A crescente coleta das decisões e a sua filtragem possibilitam o acesso a informações que antes eram restritas aos juristas e aplicadores do Direito. Dessa forma, obtém-se uma maior democratização e publicidade dos resultados judiciais de forma clara e objetiva, levando à sociedade a transparência das decisões.

A grande diversidade dos sistemas adotados pelos sites dos Tribunais brasileiros é, ainda, um empecilho à aplicação dessa técnica, uma vez que se torna necessária a padronização dos diferentes dados obtidos após a sua coleta.

Há um entendimento geral de que o Direito é decorrente da lei. Costuma-se pensar que a utilização adequada da lei pelo aplicador fará com que saia vitorioso ou, ao menos, tenha uma perspectiva do resultado do processo, caso este seja negativo. No entanto, essa percepção tende a mudar na medida em que sejam publicados os resultados estatísticos, demonstrando a grande variedade e não uniformidade das decisões que dizem respeito ao mesmo assunto.

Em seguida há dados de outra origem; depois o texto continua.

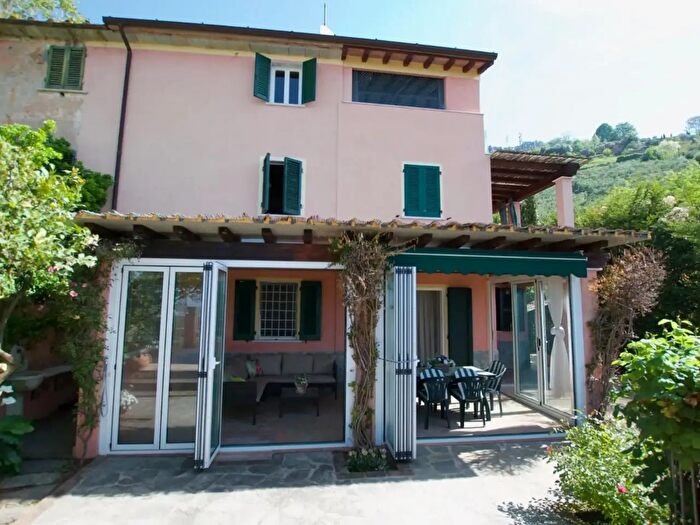 Casa con 10 locali in vendita in Pietrasanta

Em nosso ordenamento jurídico, existe uma série de mecanismos que buscam trazer uma uniformidade para as decisões judiciais. O novo código de processo civil inovou ao dispor sobre o IRDR (Incidente de Resolução de Demandas Repetitivas). Há também as súmulas vinculantes que buscam trazer uniformidade às decisões das instâncias inferiores. Porém, o que se percebe é que esses mecanismos ainda têm um longo percurso até serem de fato adotados por todos os Tribunais e operadores do Direito.

A aplicação de Políticas Públicas baseadas na Jurimetria

Um ponto que é pouco abordado e que deve receber a devida importância pelo Poder Público é a análise estatística dos dados processuais para tomada de decisão. Exemplificando para o sistema de precatórios, é possível perceber quais ações são mais recorrentes em casos contra a Fazenda Pública e, com isso, tomar medidas práticas para solucionar os inconvenientes causados antes que eles cheguem ao Judiciário.

É possível extrapolar essa interpretação com outro exemplo. Em determinada comarca não existem varas empresariais e não existem dados sobre quantos processos empresariais tramitam em varas cíveis. Para que o Tribunal ou a Corregedoria saiba a real necessidade de criação de varas empresariais e quantas varas criar, é importante descobrir quantos são os processos e quanto tempo o juiz demora para julgar de acordo com a complexidade do tema. Para essa tomada de decisão, é necessária a análise e interpretação dos dados.

Assim, ter uma atividade do Poder Legislativo voltada para os problemas concretos vivenciados pela sociedade é vital para seu bom funcionamento e eficiente prestação jurisdicional. De nada adianta legislar sobre demandas inexistentes ou até mesmo editar leis que não serão cumpridas.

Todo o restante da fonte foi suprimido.